Sunday, June 1, 2014

Using Antibiotics to Death: Current Public Health Policy Model Failures and Posed Improvements for Antimicrobial Resistance – Philip Sullivan

Introduction
Antibiotics were developed and refined at the start of World War II to supply the government with a means of treating wounded soldiers with increasingly dangerous and previously untreatable illnesses (1). As production streamlined, public access increased and thus the first signs of treatment failures and resistances started to appear (2). Antimicrobial resistance is the natural evolution of microorganisms to gain methods of rendering current, effective antimicrobial agents ineffective for the treatment of illness (3).

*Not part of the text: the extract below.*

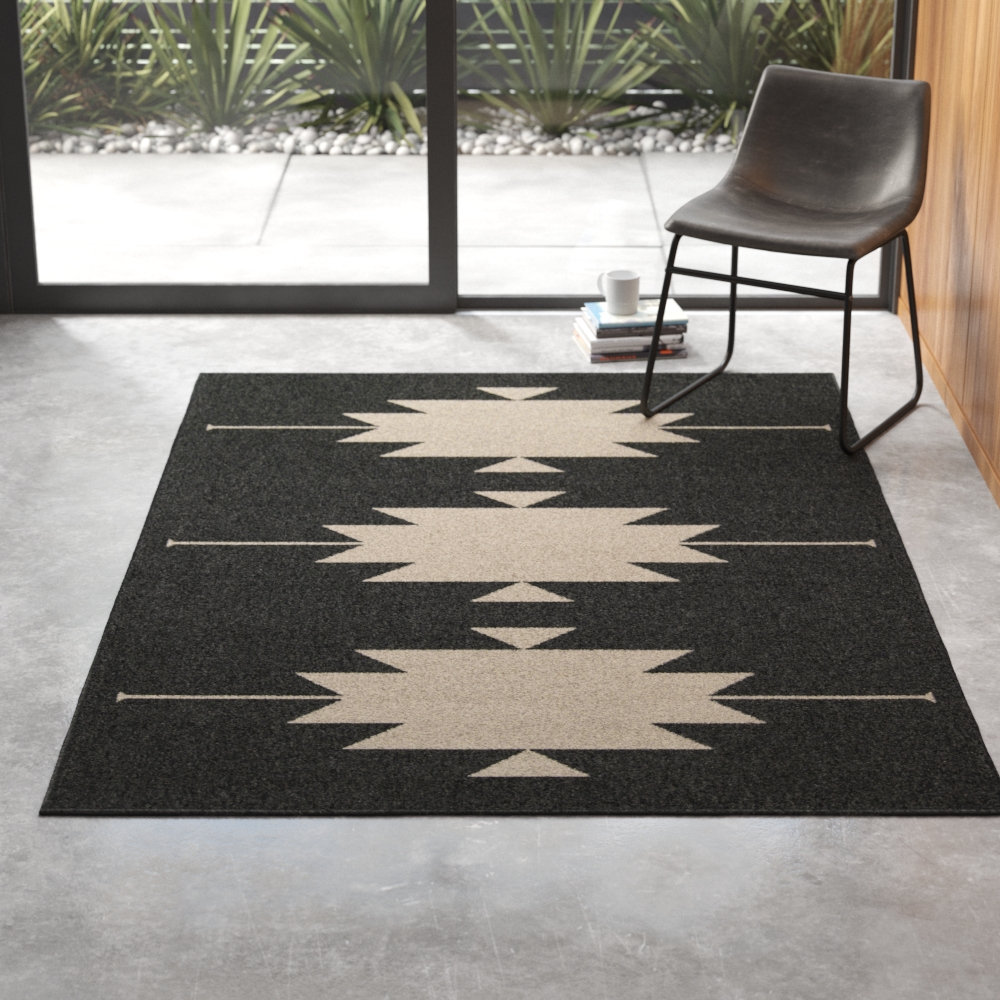 Genesis Charcoal Cream Southwestern Outdoor Rug, Rectangle 8'6" x 13'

As standard treatments for infection lose effectiveness, diseases are able to spread more widely and aggressively, limiting the variety of safe and effective antimicrobial agents. Importantly, improper use of antimicrobial agents speeds the natural evolution of resistance, spreading it throughout human populations.
Due to the noticeable emergence of resistant microorganisms, the Centers for Disease Control and Prevention (CDC), the National Institutes of Health (NIH), the World Health Organization (WHO), the Institute of Medicine (IOM), and the medical c0mmunity as a whole, began monitoring the type and quantity of ever-increasing resistance bacteria, viruses, fungi and other microbes that humans interact with (3–7). The medical and public health community have increasingly criticized the lack of direction and control around historical antimicrobial application, forcing discussions on responsibility of administering the drugs (8–11). The most vocal critics call the situation a ticking time-bomb (6,12,13).

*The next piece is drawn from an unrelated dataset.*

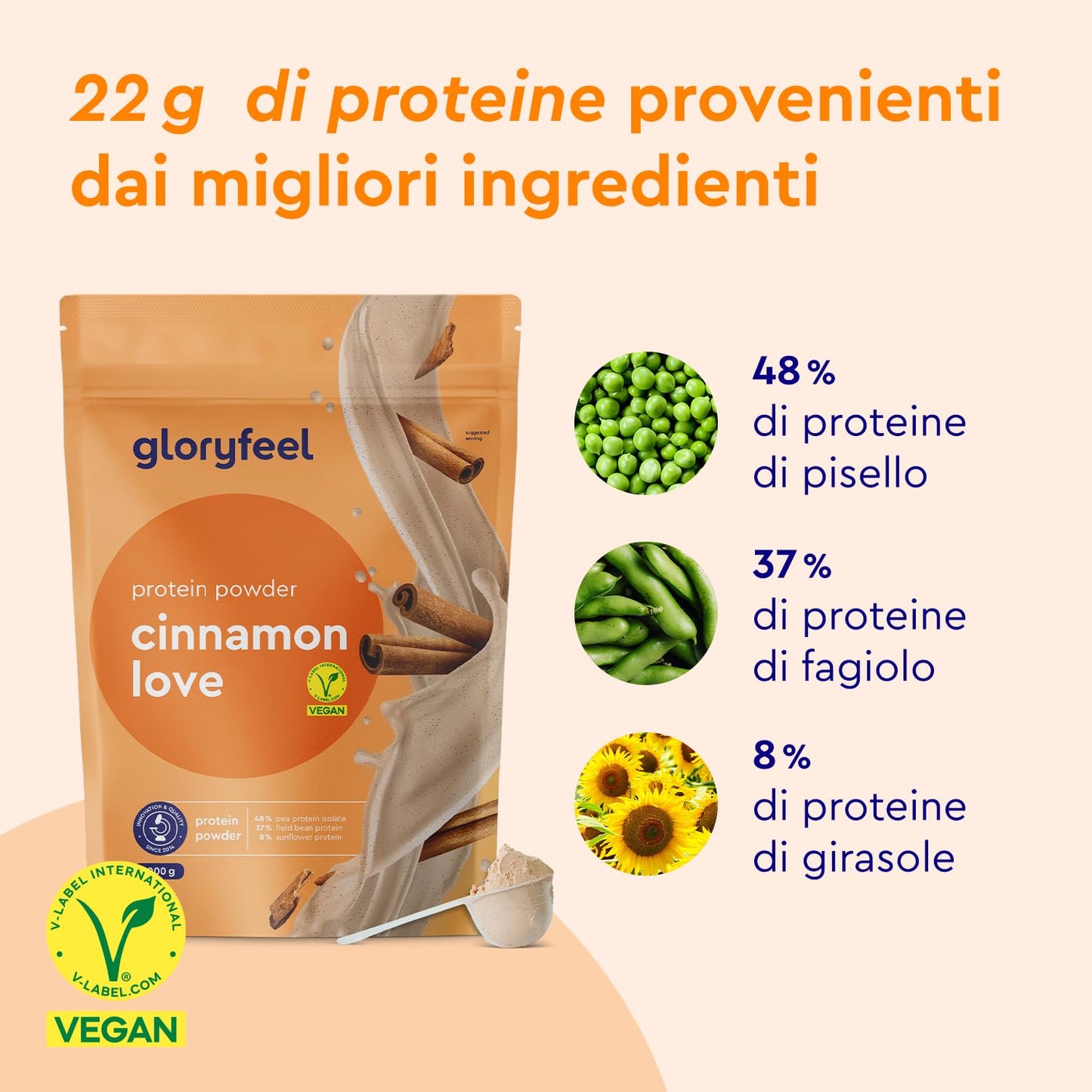 Proteine in Polvere Vegane 1 kg, 22 g Proteine, Gusto Vaniglia, Proteine Vegetali Isolate in Polvere di Pisello, Fagiolo e Girasole, Aumento e Crescita Muscolare*, senza Glutine, Zucchero e Lattosio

In response to community outcry and the need for study and policies to slow the spread of resistance, the CDC, WHO, NIH and other governing medical bodies have created programs and initiatives to address the spread of antimicrobial resistance; The CDC created the “Get Smart” Campaign (14), The NIH’s NIAID (National Institute of Allergy and Infectious Diseases) group created the “Antibacterial Resistance Program” (15), The WHO started its Antimicrobial Resistance informative webpage (3). These organizations provide education materials, resource links, surveillance data, and other resources, covering a range of audiences from the general public to governing health officials. A public health plan has also been created by an interagency task force headed by the CDC, FDA and NIH (16,17). This incorporates each agency’s individual measures and provides communication between them for improved reporting. In addition to education initiatives, non-medical applications of antimicrobials have come under increased scrutiny.  The US Food and Drug Administration (FDA) recently increased their involvement in controlling the spread of resistance through newly proposed guidelines for farming and agriculture (18).

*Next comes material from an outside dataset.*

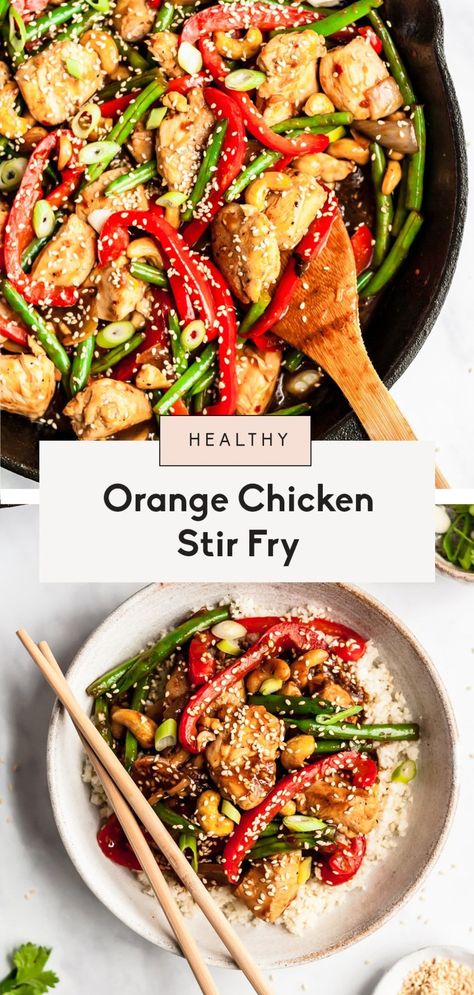 Delicious healthy orange chicken stir fry with flavorful coconut cauliflower rice. This easy paleo weeknight dinner recipe is packed with veggies, protein, and an incredible sweet & tangy orange sauce. Perfect for meal prep and the best leftovers! #mealprep #chicken #stirfry #healthydinner #glutenfreedinner #paleofriendly #paleodinner Orange Stir Fry, Orange Chicken Stir Fry, Chicken Orange, Coconut Cauliflower Rice, Coconut Cauliflower, Easy Paleo Dinner Recipes, Healthy Orange Chicken, Rice Food, Stir Fry Recipes Chicken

The overall goal of public health initiatives is to prevent spreading antimicrobial resistance by lessening unnecessary selective pressure on microorganisms. These efforts will extend the utility of current treatments and allow time for new developments in fighting diseases (3,7). Current efforts are necessary and well intentioned, but significant progress will not be made unless improvements are made in the approach of the medical community’s fight against rapid development of antimicrobial resistance. These arguments are laid out in the remainder of this commentary.

The First Flaw with Current Initiatives
Multiple reports note that programs like the CDC’s Get Smart campaign and the NIH’s Antibacterial Resistance program place most of their focus on the hospital, professional, research, and medical education settings (16). Few resources address the public, and arguably the most important setting, the physician-patient interaction point. Teaching medical students in training, re-educating professionals with continuing education opportunities, and hosting medical society discussions have not done enough to face the growing resistance issue. The medical system is only a portion of the problem.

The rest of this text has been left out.